Maureen Corrigan, book critic for National Public Radio, also thinks highly of The Girl With the Dragon Tattoo.
. . . one of the most intriguing aspects of hard-boiled history is how the form has been enthusiastically embraced by writers outside of the United States as a literary tool to explore the skeletons buried deep in their own particular patches of the world. In fact, for the past decade or so, Sweden has been a popular pick for crime capital of the literary world, thanks to Henning Mankell and his fellow practitioners of noir on ice.

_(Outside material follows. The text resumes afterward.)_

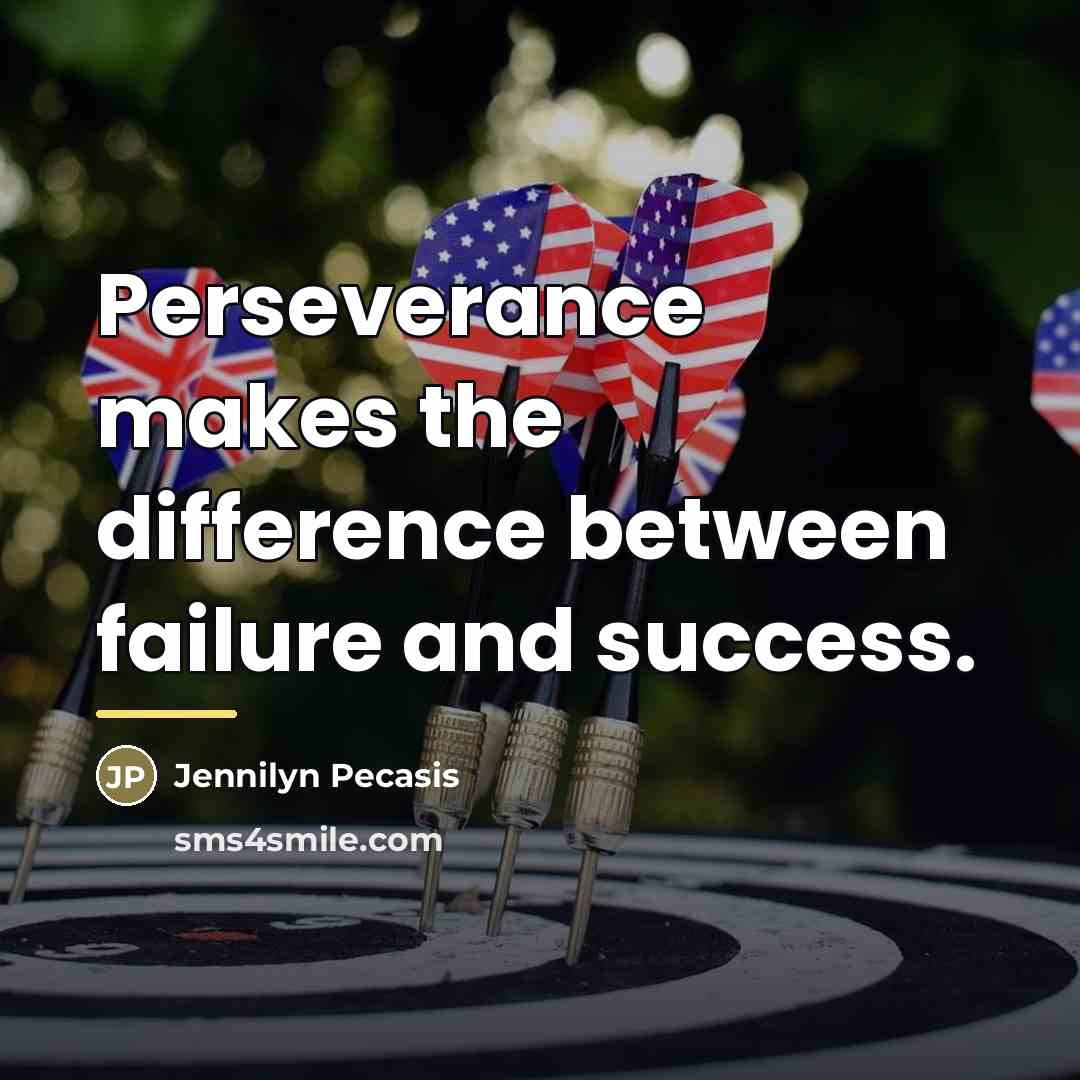 “Perseverance makes the difference between failure and success.…” quote by Jennilyn Pecasis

The newest name in mystery to emerge out of the frozen north is that of the late Stieg Larsson. His debut novel, The Girl With the Dragon Tattoo, was a blockbuster when it was published in Europe, selling an estimated 2 million copies. Now, an English language version, translated by Reg Keeland, has just been published here.
A veteran mystery reader could spot the clues to this novel’s runaway popularity as easily as Poe’s detective, Auguste Dupin, spotted that purloined letter. The Girl With the Dragon Tattoo is a super-smart amalgam of the corporate corruption tale, legal thriller and dysfunctional-family psychological suspense story. It’s witty, wrenchingly violent in a few isolated passages and unflinching in its commonsense feminist social commentary.
The social vulnerability of women is the underlying Mystery with a capital “M” here; specifically the abuse — psychological and sexual — that’s perpetrated against young and dependent women.
She also notes that it’s not all noir – there’s a classic “locked room” feel to the mystery that kicks it all off. But she predicts it’s Lisabeth Salander who will really grab the reader’s imagination.
Corrigan, incidentally, is the author of a memoir in books – Leave Me Alone, I’m Reading. A title that many of us can relate to. Thanks to my 4MA friend Lourdes for catching this radio review.